群れの外周寄りにいた一匹が、まるで引き寄せられたかのように珠緒が構えた妖刀『無限廻廊』に切り捨てられ消滅する。
「データじゃなくて実際に混沌に生きていればこうはなりませんが……ノンアクティブの身の上を恨んでくださいね」
近づく自分にまったく気づかないカニにそう告げて、壱狐は自身の本体でもある太刀を振るい星神徹しを放つ。
(とりあえずこのあたり殴るか)
受けたダメージが大きそうな個体を選び、大振りの刀剣を振りかぶる史之。そのまま勢いよくカニの足の付け根目掛けて振り下ろす。

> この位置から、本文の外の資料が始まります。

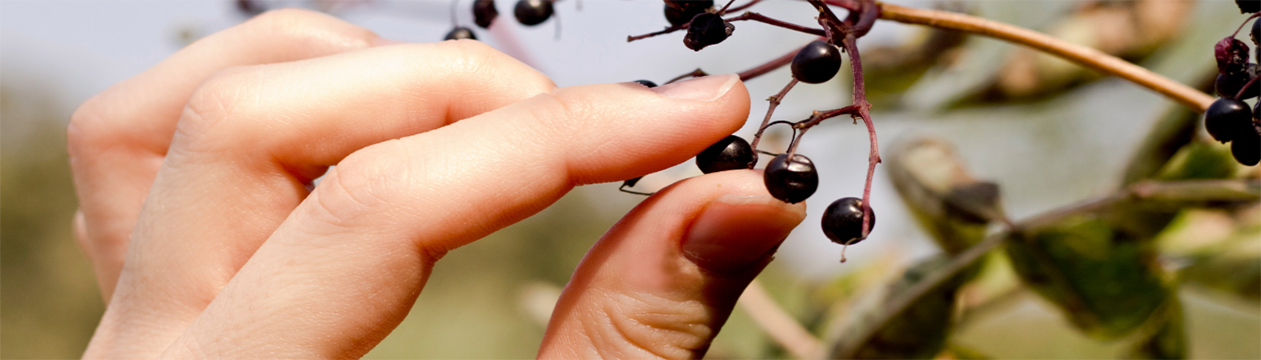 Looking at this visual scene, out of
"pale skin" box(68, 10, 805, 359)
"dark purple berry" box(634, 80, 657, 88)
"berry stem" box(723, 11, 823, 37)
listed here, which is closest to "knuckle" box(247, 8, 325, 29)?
"pale skin" box(68, 10, 805, 359)

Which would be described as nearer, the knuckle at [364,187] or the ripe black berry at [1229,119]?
the ripe black berry at [1229,119]

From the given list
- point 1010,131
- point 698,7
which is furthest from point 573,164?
point 1010,131

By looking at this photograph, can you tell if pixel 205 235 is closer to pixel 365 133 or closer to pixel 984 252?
pixel 365 133

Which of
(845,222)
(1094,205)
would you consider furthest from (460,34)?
(1094,205)

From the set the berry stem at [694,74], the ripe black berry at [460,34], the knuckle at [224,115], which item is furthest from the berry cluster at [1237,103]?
the knuckle at [224,115]

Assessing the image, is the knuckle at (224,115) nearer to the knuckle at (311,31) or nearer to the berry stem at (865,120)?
the knuckle at (311,31)

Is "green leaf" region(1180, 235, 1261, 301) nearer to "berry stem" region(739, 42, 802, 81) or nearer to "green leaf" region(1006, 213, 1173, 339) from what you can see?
"green leaf" region(1006, 213, 1173, 339) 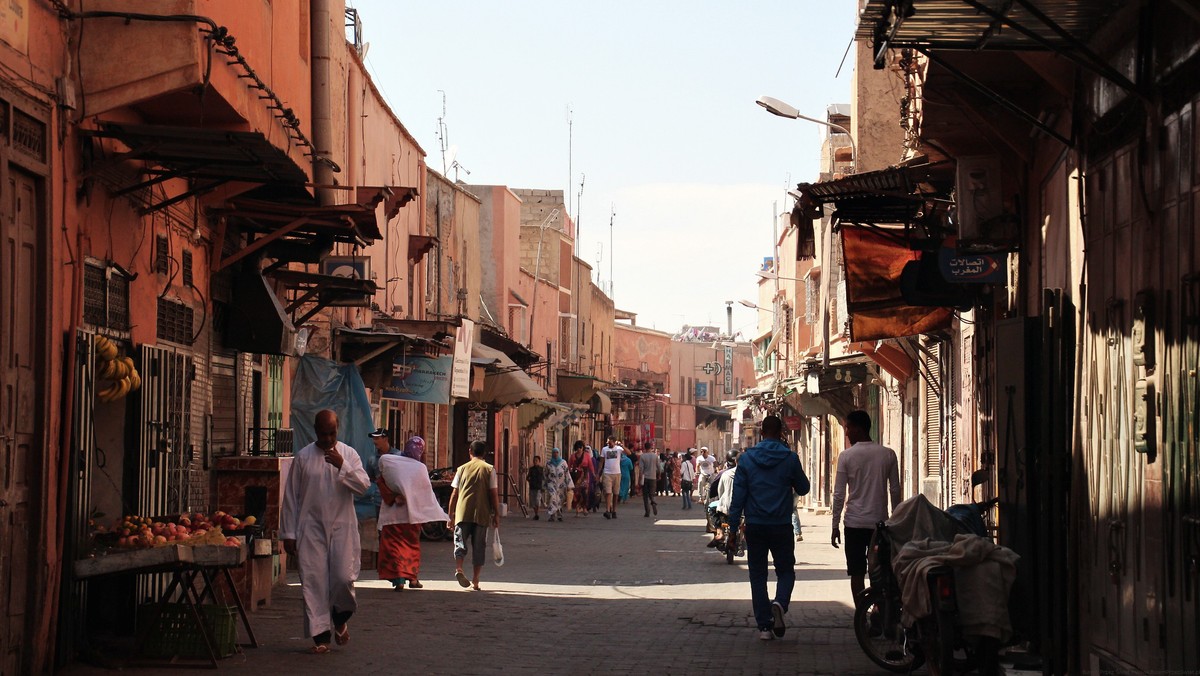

(痛い! カニのはさみがちくちくする! 頑張れ私!)
カニの猛攻(?)とニアサーの範囲攻撃に巻き込まれたきうりんの耳に、トリスのエレキギターのサウンドが届いた。
エレキギターの音に載せられたトリスと、続けて発せられた蛍の、二人の癒しの力がきうりんの傷を癒す。
「ありがとー!」
二人に向けてブンブンと手を振り礼を言い、きうりんは次なるカニの群れに視線を向ける。
「どんどん行っちゃうよー!」
●
ひたすらカニを狩り続けるイレギュラーズ。空洞内のカニの群れを粗方狩り終えた頃、最初の群れがいたあたりに新たなカニが出現し始めた。
「なるほど、こういう湧き方をするのか」
確認するかのように流雨が呟く。おそらくは倒された順に再出現しているのだろう、最初の群れがほぼ復元された頃には次に殲滅された群れのカニがちらほらと現れ始めていた。
「――あ」
誰かが声を上げた。再出現したカニ達の中に明らかにサイズの違う――といってもそれなりの大きさがあるのだが――見慣れた姿をした「カニ」が混じっていたのだ。
「今度こそカニだ!」
嬉しそうにきうりんが見慣れた姿のカニ……「子ガニ」を指さす。
「周りのカニもまだ少ないですしチャンスですね」
「こっちのカニは任せといて! そっち行かないよう惹きつけとくから!」
呟く壱狐にそう言って、復元した最初のカニの群れに突撃するきうりん。
「きうりんさんはボクたちでフォローするから」
蛍の言葉にトリスが頷き、残るイレギュラーズは子ガニの捕獲に向かう。
タイミング悪く目の前に湧いたカニをつむじ風のごとく得物を振るいながら乱雑に切り捨てるニアサー。続く珠緒と史之の攻撃で、カニは他の仲間に気付かれる間もなく消滅していく。
「子ガニはこのカニより脆い。気を付けていこう」
改めて認識合わせをする流雨に頷き、壱狐がすらりと得物を構える。
「一撃で気絶させます」
術式を纏った太刀の一撃が子ガニを襲い、その体を強かに打つ。その直後、子ガニはお約束のように口元から泡を吹きながらこてん、とその場にひっくり返った。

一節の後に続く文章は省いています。